Señorita Panamá 1996, the 14th Señorita Panamá pageant and 31st celebration of the Miss Panamá contest, was held in Teatro Anayansi Centro de Convenciones Atlapa, Panama City, Panama, September 1996, after weeks of events. The winner of the pageant was Lía Borrero.

The pageant was broadcast live on RPC Televisión. About 15 contestants from all over Panamá competed for the prestigious crown. At the conclusion of the final night of competition, outgoing titleholder Reyna Royo of Panamá Centro crowned Lía Borrero of Los Santos as the new Señorita Panamá.

In the same night was celebrated the election of the Señorita Panamá World, was announced the winner of the Señorita Panamá Mundo title. Señorita Panamá World 1995, Marisela Moreno of Panamá Centro crowned Norma Elida Pérez Rodriguez of Panamá Centro as the new Señorita Panamá World. Also was selected the representative for the Nuestra Belleza Internacional pageant, Amelie González Assereto of Panamá Centro was crowned by Patricia De León Barichovicht, Señorita Panamá Hispanidad 1995 of Panamá Centro.

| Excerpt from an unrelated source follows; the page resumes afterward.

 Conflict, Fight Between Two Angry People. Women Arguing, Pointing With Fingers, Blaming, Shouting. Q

The 46th edition of the Miss Universe 1997 pageant, was held at the Miami Beach Convention Center, Miami Beach, Florida, United States on May 16, 1997.

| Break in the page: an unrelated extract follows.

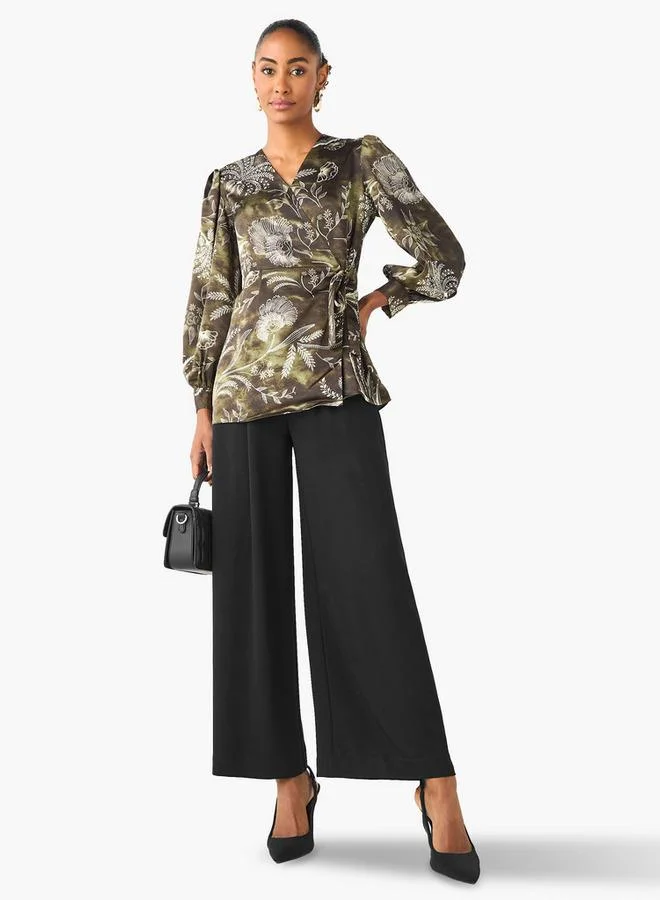 Iconic Iconic Relaxed Fit Polyester Wrap Top with Tie-Ups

In other hands Norma Elida Pérez competed in Miss World 1996, the 46th edition of the Miss World pageant, took place on 23 November 1996 in the city of Bangalore, India. González Assereto competed in Nuestra Belleza Internacional 1996 the 3rd edition of Nuestra Belleza Internacional Pageant held on November 25, 1996 in Miami, United States.

==Final result==

| Final results | Contestant |
|---|---|
| Señorita Panamá 1996 | Los Santos – Lía Borrero; |
| Señorita Panamá World | Panama City – Norma Elida Pérez Rodriguez; |
| Señorita Panamá Nuestra Belleza Internacional | Panama City – Amelie González Assereto; |
| 1st Runner up | Panama City – Hazul Cortes; |
| 2nd Runner up | Panama City – Mildred Vasquez; |

===Special awards===

| Final results | Topic |
|---|---|
| National Costume to Miss Universe | "Pollera Nacional" |

| Award | Represent | Contestant |
|---|---|---|
| Miss Photogenic | Los Santos | Carmen Marin Cortéz |

==Contestants==

These are the competitors who have been selected this year.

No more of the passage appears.